Extracted entries:
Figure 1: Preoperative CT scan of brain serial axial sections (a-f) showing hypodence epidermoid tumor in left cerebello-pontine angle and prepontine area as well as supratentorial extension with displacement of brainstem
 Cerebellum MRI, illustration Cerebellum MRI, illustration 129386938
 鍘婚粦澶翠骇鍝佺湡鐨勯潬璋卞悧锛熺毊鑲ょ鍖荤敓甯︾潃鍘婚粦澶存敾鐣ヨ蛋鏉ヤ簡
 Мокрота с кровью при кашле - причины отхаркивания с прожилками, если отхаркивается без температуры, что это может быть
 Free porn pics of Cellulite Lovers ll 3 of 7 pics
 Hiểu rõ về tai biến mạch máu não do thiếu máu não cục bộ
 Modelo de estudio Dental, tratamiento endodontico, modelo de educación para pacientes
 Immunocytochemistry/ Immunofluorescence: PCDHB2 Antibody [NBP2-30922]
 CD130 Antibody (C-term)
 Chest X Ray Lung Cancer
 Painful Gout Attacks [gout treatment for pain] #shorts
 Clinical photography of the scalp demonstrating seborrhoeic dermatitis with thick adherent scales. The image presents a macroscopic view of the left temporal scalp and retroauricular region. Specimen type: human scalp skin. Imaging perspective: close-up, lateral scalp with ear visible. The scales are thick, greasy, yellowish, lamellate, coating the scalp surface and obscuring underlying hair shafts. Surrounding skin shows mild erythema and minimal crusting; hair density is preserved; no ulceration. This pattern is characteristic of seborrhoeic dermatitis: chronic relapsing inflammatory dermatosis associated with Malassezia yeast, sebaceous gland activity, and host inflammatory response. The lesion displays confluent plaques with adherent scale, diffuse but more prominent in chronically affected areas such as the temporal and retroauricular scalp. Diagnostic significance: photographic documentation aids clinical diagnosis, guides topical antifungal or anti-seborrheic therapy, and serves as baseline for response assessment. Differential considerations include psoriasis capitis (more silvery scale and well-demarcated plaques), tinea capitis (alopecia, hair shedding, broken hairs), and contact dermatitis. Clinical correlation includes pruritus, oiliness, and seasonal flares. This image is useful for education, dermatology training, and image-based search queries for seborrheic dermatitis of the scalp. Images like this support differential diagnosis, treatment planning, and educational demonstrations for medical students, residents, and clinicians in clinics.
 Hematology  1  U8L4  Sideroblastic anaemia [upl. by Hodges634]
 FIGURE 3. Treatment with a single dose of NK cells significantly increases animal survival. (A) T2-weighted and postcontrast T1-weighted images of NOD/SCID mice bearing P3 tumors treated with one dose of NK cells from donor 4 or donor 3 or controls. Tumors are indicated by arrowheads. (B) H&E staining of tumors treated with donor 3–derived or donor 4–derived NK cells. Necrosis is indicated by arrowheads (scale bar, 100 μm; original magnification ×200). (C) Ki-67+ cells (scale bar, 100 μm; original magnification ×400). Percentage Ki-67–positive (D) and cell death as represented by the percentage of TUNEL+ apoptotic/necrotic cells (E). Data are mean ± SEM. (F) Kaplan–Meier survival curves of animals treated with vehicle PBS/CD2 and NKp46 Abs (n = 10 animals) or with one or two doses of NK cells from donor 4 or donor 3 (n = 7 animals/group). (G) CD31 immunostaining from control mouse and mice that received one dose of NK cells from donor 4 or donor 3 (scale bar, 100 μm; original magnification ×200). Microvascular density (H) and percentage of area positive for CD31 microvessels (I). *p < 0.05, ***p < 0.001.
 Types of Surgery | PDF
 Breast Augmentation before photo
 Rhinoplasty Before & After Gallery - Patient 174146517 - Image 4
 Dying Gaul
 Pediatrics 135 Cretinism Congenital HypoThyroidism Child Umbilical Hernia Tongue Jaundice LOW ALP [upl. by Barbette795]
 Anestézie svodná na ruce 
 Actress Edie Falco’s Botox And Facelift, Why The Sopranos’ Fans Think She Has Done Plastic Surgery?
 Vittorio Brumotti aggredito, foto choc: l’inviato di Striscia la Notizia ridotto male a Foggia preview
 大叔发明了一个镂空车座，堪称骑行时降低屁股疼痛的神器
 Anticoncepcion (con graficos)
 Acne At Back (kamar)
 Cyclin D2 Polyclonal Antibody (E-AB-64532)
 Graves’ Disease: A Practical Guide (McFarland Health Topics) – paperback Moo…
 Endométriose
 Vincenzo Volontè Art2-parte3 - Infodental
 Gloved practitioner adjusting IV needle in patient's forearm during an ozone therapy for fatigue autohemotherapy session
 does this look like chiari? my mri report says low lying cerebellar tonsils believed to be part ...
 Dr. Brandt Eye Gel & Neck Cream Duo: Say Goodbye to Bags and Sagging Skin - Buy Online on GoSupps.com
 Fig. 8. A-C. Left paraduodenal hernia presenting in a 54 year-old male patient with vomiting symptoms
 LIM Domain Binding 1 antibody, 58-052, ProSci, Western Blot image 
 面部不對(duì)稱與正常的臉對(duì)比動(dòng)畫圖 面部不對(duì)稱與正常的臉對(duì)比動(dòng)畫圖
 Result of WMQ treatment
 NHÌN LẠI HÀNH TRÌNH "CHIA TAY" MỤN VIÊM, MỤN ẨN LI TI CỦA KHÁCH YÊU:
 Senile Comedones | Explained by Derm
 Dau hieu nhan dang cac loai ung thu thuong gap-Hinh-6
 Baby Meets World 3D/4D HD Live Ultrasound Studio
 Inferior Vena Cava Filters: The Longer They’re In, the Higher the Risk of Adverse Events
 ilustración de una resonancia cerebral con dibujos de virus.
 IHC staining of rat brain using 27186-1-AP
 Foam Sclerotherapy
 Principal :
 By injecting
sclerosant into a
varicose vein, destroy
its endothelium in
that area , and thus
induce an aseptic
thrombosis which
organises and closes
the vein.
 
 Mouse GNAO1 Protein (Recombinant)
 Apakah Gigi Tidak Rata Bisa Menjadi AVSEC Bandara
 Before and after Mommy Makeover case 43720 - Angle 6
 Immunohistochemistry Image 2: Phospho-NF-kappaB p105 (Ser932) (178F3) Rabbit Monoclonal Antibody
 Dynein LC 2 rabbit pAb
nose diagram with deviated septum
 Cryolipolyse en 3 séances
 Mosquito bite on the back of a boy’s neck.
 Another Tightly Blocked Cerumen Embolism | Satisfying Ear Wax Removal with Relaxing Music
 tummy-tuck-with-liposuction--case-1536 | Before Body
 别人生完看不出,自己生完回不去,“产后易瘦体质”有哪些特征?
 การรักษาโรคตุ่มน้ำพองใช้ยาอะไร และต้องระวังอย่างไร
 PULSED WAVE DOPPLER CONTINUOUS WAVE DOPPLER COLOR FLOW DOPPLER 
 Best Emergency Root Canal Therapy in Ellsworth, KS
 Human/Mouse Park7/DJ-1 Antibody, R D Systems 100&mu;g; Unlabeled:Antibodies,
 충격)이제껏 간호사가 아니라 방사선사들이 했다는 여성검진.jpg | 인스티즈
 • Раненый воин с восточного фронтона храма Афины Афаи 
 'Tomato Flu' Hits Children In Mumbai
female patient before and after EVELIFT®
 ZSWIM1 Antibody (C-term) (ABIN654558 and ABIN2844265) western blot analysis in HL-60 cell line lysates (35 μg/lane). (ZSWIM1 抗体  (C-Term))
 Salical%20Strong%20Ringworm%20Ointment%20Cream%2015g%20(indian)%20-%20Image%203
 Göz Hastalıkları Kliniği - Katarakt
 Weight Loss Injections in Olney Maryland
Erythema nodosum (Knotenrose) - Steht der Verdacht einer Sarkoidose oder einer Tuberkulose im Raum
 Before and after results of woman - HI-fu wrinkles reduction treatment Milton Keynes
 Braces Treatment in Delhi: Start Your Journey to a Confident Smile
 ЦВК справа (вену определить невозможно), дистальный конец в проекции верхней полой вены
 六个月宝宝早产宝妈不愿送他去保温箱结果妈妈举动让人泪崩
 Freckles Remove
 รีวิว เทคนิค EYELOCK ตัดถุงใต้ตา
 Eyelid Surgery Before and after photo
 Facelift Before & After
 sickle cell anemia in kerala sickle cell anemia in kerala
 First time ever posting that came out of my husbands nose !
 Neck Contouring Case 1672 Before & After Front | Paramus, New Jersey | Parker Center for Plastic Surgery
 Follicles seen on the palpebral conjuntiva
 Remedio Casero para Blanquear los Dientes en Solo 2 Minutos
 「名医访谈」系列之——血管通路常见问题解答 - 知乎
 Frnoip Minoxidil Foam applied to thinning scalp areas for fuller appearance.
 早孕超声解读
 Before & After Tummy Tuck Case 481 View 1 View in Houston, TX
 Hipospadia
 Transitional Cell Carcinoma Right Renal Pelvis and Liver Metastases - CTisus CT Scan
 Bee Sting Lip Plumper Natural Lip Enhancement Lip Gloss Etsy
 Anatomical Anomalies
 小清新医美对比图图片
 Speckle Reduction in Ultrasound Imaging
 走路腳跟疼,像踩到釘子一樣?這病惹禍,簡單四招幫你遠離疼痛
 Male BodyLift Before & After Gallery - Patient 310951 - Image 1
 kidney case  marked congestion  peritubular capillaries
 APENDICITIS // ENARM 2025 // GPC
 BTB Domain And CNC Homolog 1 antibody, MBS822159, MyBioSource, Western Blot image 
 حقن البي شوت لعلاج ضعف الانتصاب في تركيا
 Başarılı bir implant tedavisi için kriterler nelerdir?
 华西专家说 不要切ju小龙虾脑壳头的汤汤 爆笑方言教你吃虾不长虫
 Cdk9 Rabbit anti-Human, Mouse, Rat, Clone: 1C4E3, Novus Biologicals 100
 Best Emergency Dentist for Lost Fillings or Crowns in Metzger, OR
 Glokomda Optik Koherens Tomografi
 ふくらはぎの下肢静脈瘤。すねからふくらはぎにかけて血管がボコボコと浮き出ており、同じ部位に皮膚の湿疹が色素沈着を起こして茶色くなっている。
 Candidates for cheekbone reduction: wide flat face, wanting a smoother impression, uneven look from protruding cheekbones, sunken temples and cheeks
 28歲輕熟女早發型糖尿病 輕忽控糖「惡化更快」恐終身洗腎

Exercise objective: Once you find the line with "Cryolipolyse en 3 séances" above, print it and every line after it up to and including the line with "Weight Loss Injections in Olney Maryland", exactly as written and nothing else.

Output:
 Cryolipolyse en 3 séances
 Mosquito bite on the back of a boy’s neck.
 Another Tightly Blocked Cerumen Embolism | Satisfying Ear Wax Removal with Relaxing Music
 tummy-tuck-with-liposuction--case-1536 | Before Body
 别人生完看不出,自己生完回不去,“产后易瘦体质”有哪些特征?
 การรักษาโรคตุ่มน้ำพองใช้ยาอะไร และต้องระวังอย่างไร
 PULSED WAVE DOPPLER CONTINUOUS WAVE DOPPLER COLOR FLOW DOPPLER 
 Best Emergency Root Canal Therapy in Ellsworth, KS
 Human/Mouse Park7/DJ-1 Antibody, R D Systems 100&mu;g; Unlabeled:Antibodies,
 충격)이제껏 간호사가 아니라 방사선사들이 했다는 여성검진.jpg | 인스티즈
 • Раненый воин с восточного фронтона храма Афины Афаи 
 'Tomato Flu' Hits Children In Mumbai
female patient before and after EVELIFT®
 ZSWIM1 Antibody (C-term) (ABIN654558 and ABIN2844265) western blot analysis in HL-60 cell line lysates (35 μg/lane). (ZSWIM1 抗体  (C-Term))
 Salical%20Strong%20Ringworm%20Ointment%20Cream%2015g%20(indian)%20-%20Image%203
 Göz Hastalıkları Kliniği - Katarakt
 Weight Loss Injections in Olney Maryland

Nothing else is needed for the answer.